Too many times, systematic conclusions are included in covenant theologies without an actual necessity in the conclusion. For example, circumcision was given to Abraham as a seal (Romans 4:11). Putting aside for now the full meaning of this text in its context, some conclude that therefore all covenants have seals and apply the term to baptism, not as an illustration to explain baptism, but as a part of their theological system to be received and believed. Some have noted that blood is spilled in connection with a covenant and conclude therefore that apart from a blood-ritual there is no covenant. Some have noted that families are included in covenants and have concluded therefore that families are a necessary feature of all covenants.

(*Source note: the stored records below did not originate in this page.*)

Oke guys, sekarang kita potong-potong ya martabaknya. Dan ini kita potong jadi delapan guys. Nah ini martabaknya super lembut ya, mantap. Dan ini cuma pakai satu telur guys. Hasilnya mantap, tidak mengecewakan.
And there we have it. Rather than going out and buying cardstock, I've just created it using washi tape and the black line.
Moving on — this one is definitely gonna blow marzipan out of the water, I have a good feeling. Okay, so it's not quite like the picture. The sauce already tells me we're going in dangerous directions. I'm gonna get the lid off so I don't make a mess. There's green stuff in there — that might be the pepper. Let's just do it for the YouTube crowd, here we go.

Each of these conclusions may be true. The point is simply that they are not necessarily true because the features of one covenant cannot be used to determine the features of another covenant. There is no natural necessity, inference, or proportion between things instituted, things positive, things supernatural, things covenantal. And systems built on inferences derived from covenants, which are neither natural nor necessary, will therefore contain unnecessary, and likely illegitimate, consequences. As Nehemiah Coxe said, because covenants are instituted by God and do not arise from any natural state,
“… our Knowledge and Understanding of them, must wholly depend upon Divine Revelation…seeing the nature of them is such as transcends common Principles of Reason or natural Light.”

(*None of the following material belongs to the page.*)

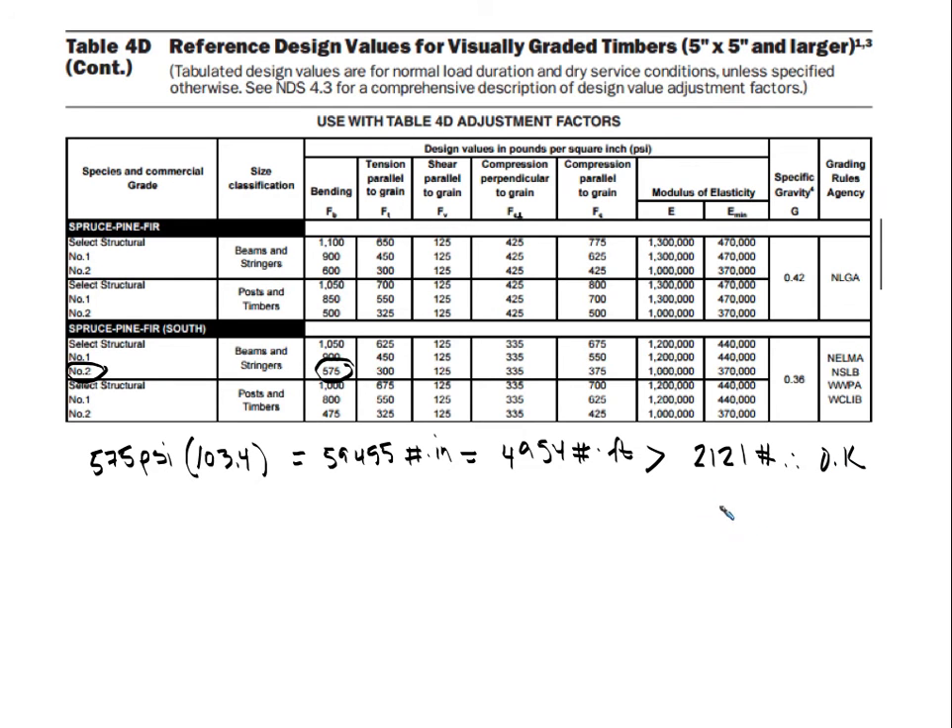For shear, the allowable shear parallel to grain Fv is 125 psi.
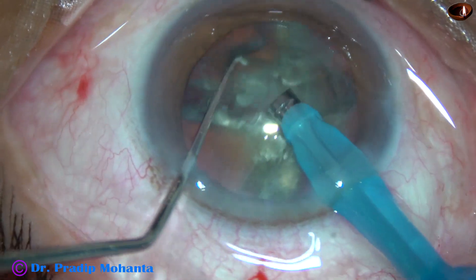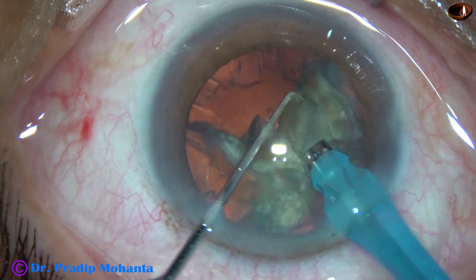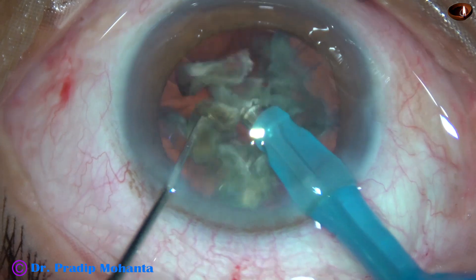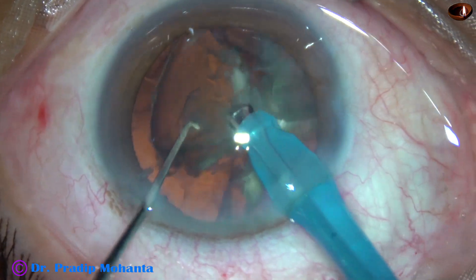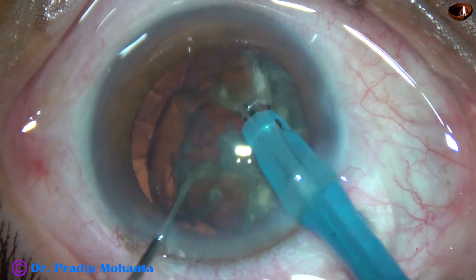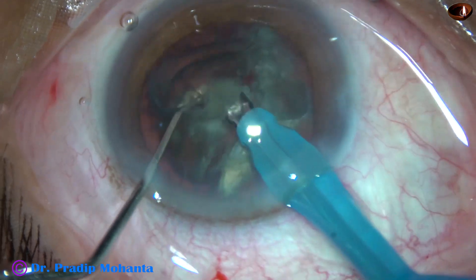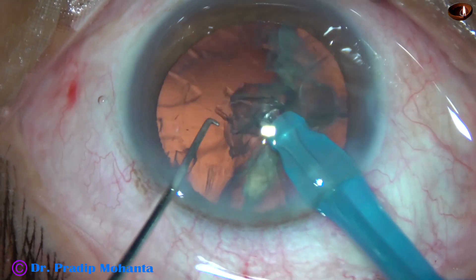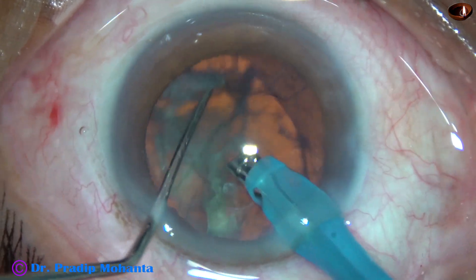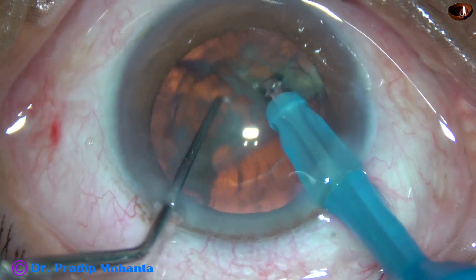Each nuclear fragment is subdivided into smaller pieces and they are emulsified with ultrasonic energy, which is 70% in this case. Flow rate is 45 ml per minute, and vacuum is 450 mm of mercury.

This distinction between creation and covenant, with its methodological implications for consequences, does not deny the analogy of faith. The limitation of the details of one covenant to the institution of the covenant is not the same as the limitation of the details of one covenant to one passage of Scripture. The Word of God may speak of one covenant in many places, and they are all to be consulted and considered as constituting the final word on the matter.